Whites fans have waited a long time for this - the first home Premier League game they could attend en masse for 17 years.
Sixteen of those were spent in the relative wilderness of the lower leagues, followed by 18 months that have featured a long-sought promotion and a full season of enjoyable but frustratingly crowdless top-flight football.
On Saturday, they came adorned in white, yellow and blue, ready to pack a year-and-a-half's worth of celebration into two hours, to roar on their side and remember those no longer with them, some of them giants upon whose shoulders the modern Leeds United stands.
They didn't get the win they wanted, as Everton came ready to fight fire with fire, but they certainly served notice that Leeds are back in the big time and Elland Road is not a place for faint-hearted visitors.
'They've missed us and we've missed them'
In many ways, it was like fans had never been absent from LS11.
Before kick-off, queues once more snaked away from burger vans surrounding the stadium, filling the air with the familiar smell of cooked onions; the tunnel at the end of Lowfields Road was again a busy mini marketplace for badges, scarves and the Square Ball fanzine; the bar at the Old Peacock was three deep; and Graveleys couldn't batter fish fast enough.
The last time such scenes were witnessed at the ground, Luke Ayling later lashed in a volley, let down his locks and played air guitar as Leeds beat Huddersfield to go top of the Championship.
There have been moments of communal joy in the months since - a gathering outside the ground when promotion was sealed, including a static open-top bus salute from the players, and the admittance of 8,000 fortunate fans for a dead rubber against West Brom at the end of last season.
Saturday, though, was something else. An overdue outpouring of joy, relief and recognition of all that has been gained in the last year and a half.
As kick-off approached, neon yellow flags were waved in unison in every stand, club anthem Marching On Together belted out with vigour, and there was a pre-whistle roar to make even the hairs of neutrals stand on end.
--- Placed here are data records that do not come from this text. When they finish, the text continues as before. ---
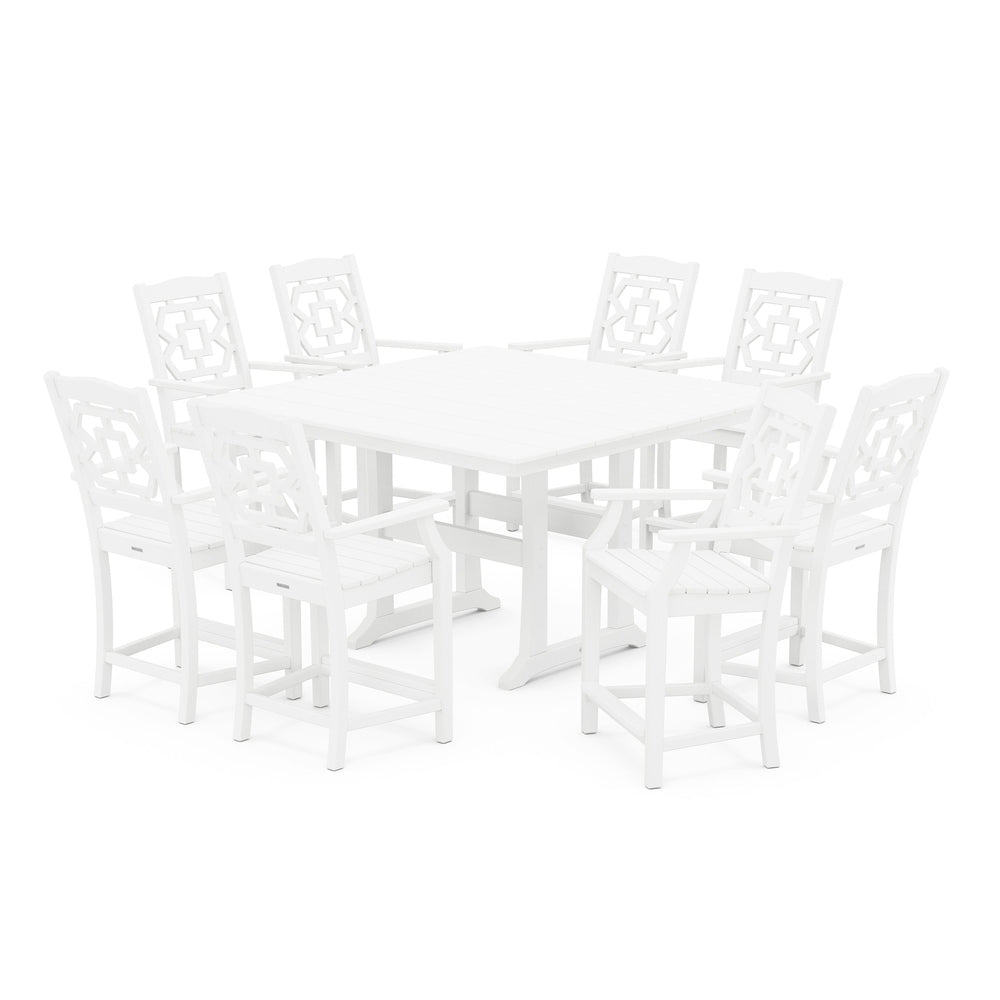 Chinoiserie 9-Piece Square Farmhouse Counter Set with Trestle Legs - White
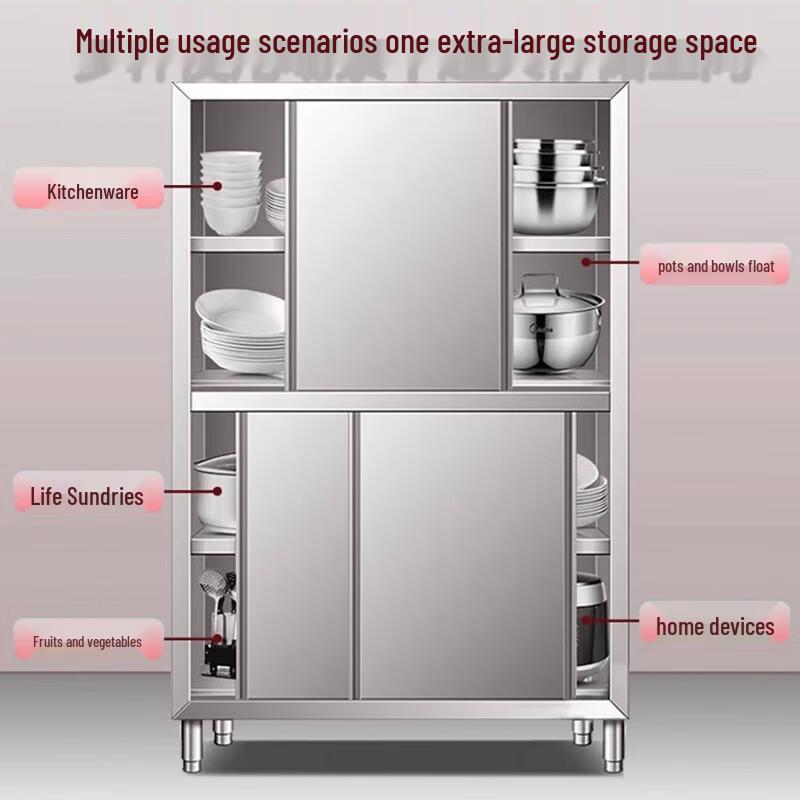 Шучу Утолщенный Кухонный Шкаф для Хранения из Нержавеющей Стали 304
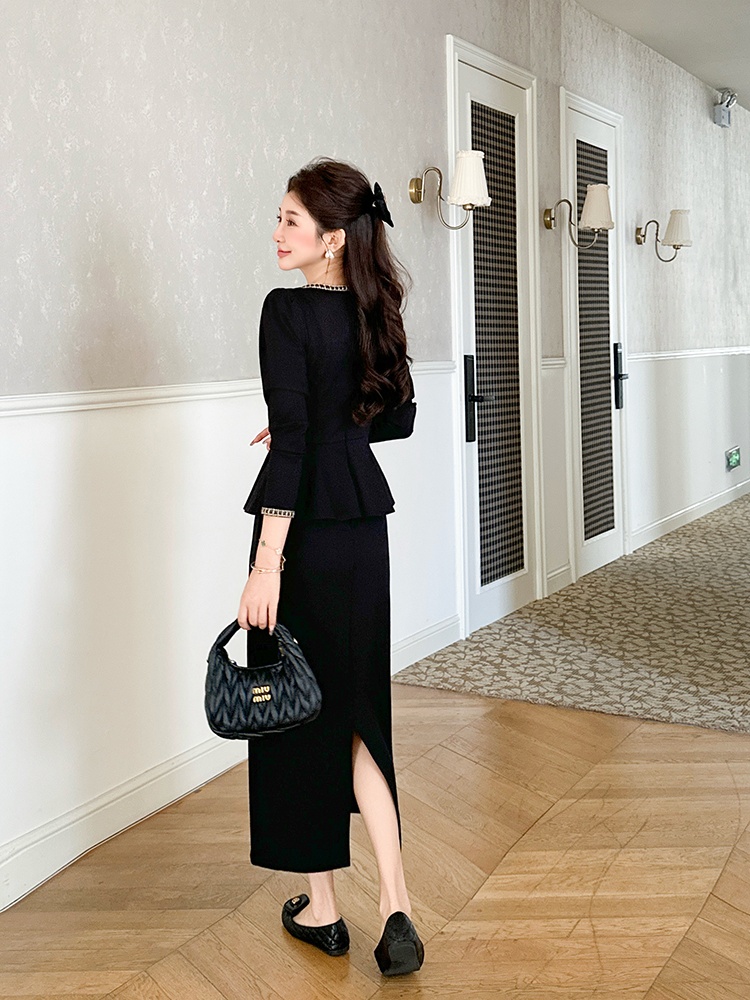 Pseudo-two elegant large yard square collar ladies slim dress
It was not lost on the players.
"It was unbelievable to be walking out to that atmosphere and energy," Leeds captain Liam Cooper told Match of the Day. "The fans have been starved of football and we've really missed them.
"If it's going to be like that every game, we'll be absolutely buzzing."
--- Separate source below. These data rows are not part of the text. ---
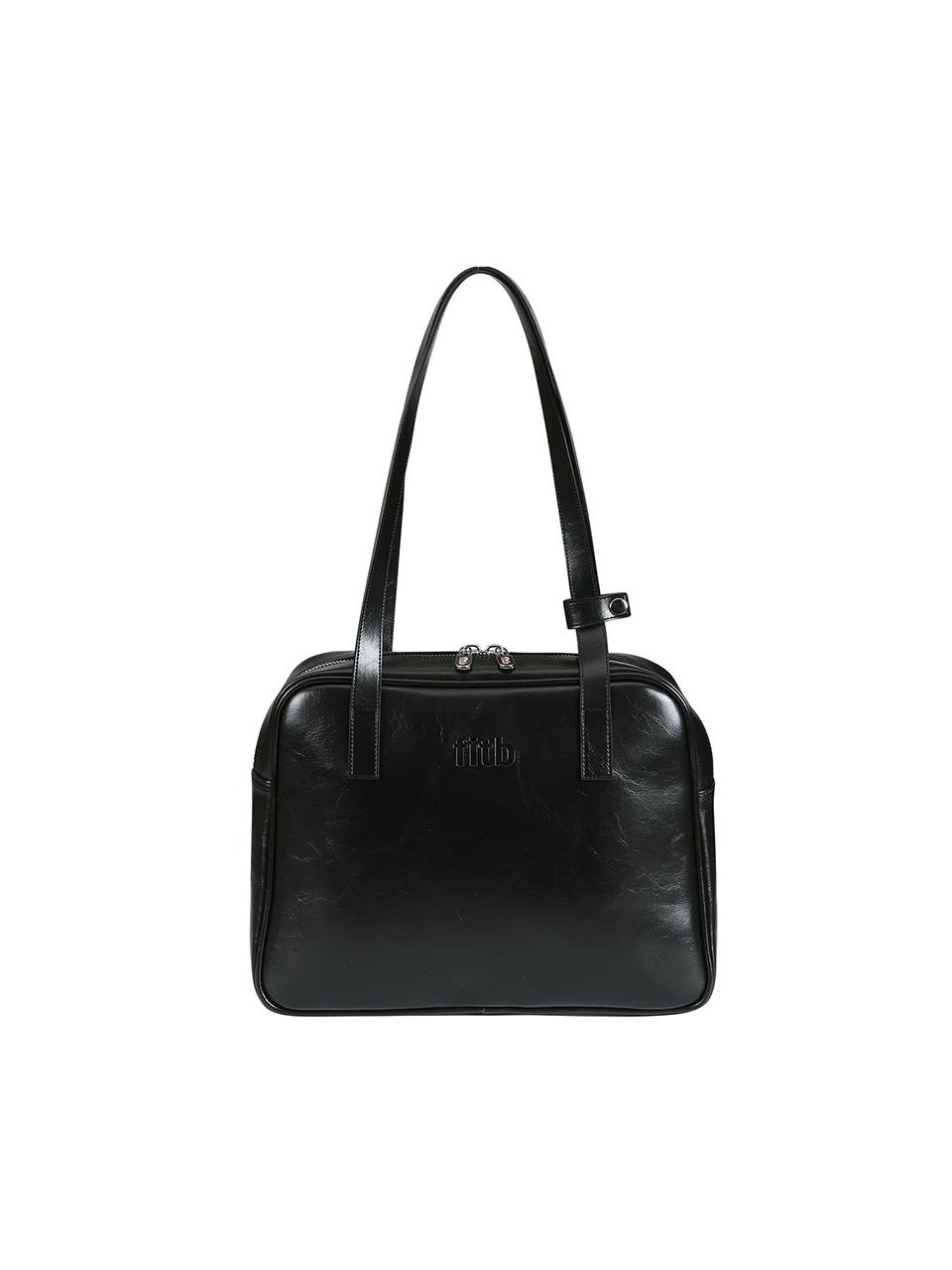 [Renewal] Trapezoid Middle Shoulder Bag (black)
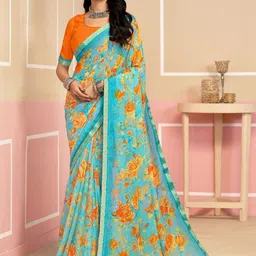LeeliPeeri Designer Floral Poly Chiffon Designer Saree-image-65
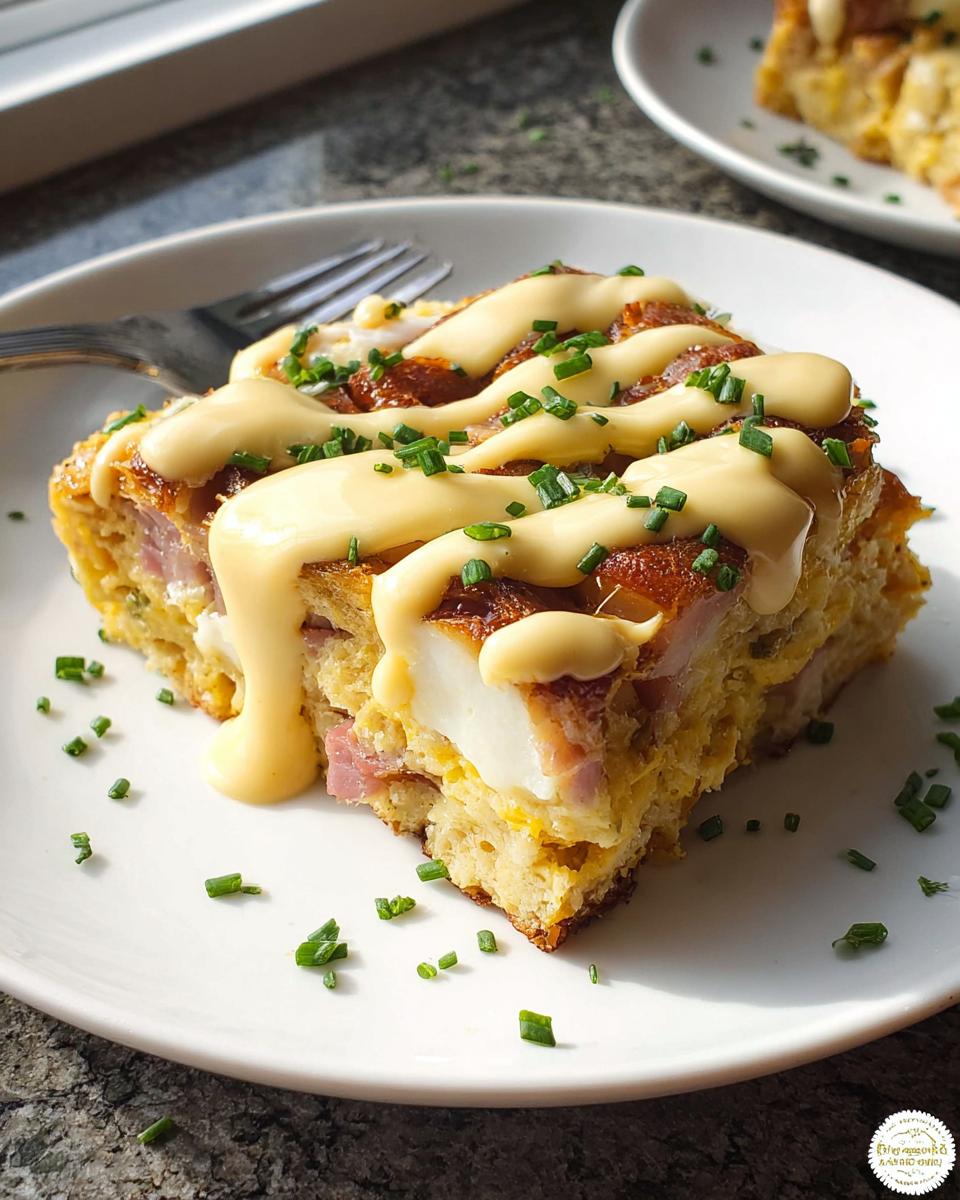 A slice of Easy Eggs Benedict Casserole topped with hollandaise sauce and chives on a white plate.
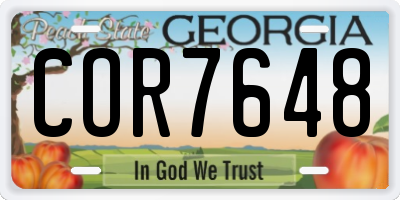 GA license plate COR7648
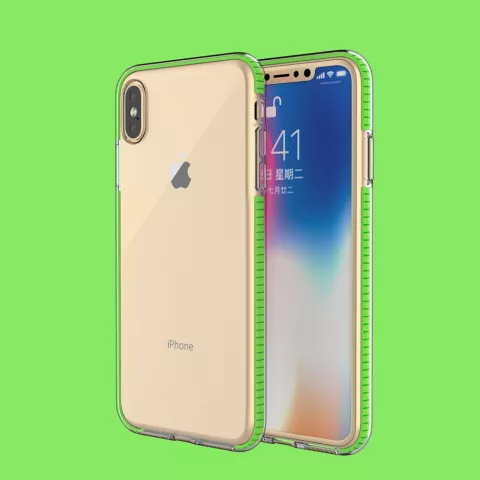 Coque de protection &agrave; bord color&eacute; compatible avec iPhone XS Max Case TPE TPU Back Cover - Vert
Midfielder Kalvin Phillips, starting his first match since the Euro 2020 final for England, added: "It's been amazing. It shows how much they've missed us and we've missed them."
Gone but not forgotten
Sadly, there are those who will never return.
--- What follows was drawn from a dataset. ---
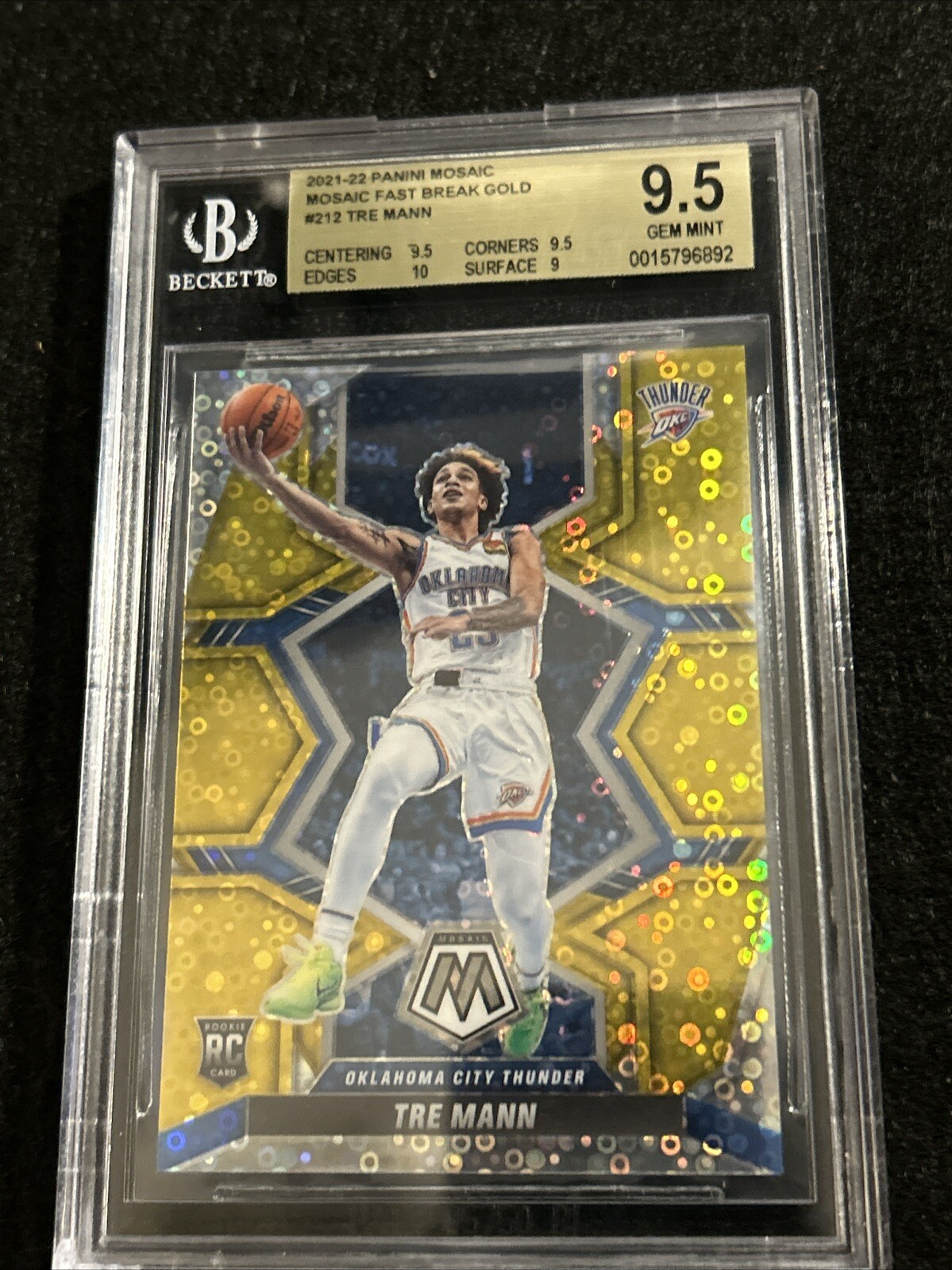 2021 Panini Mosaic #212 Tre Mann Rookie FAST BREAK GOLD MOSAIC #ed 10/10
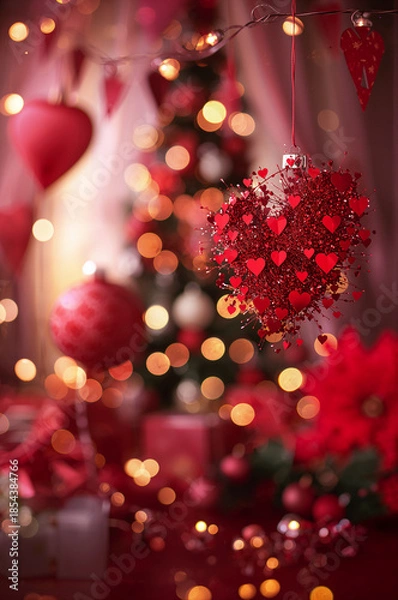 Obraz パーティー告知に映える赤いボケライトの抽象背景縦構図. 生成AI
The statue of Billy Bremner, on the corner where Elland Road meets Lowfield Road, was awash with scarves and floral tributes to those recently lost. A dad, a brother, a sister, "nana", all spelled in bouquets at the feet of one of the club's great heroes.
Generations of fans, new and old, stood before kick-off to applaud those sadly taken before they could return here to enjoy the good times that have followed the bad.
Some of the names resonate to the entire fanbase.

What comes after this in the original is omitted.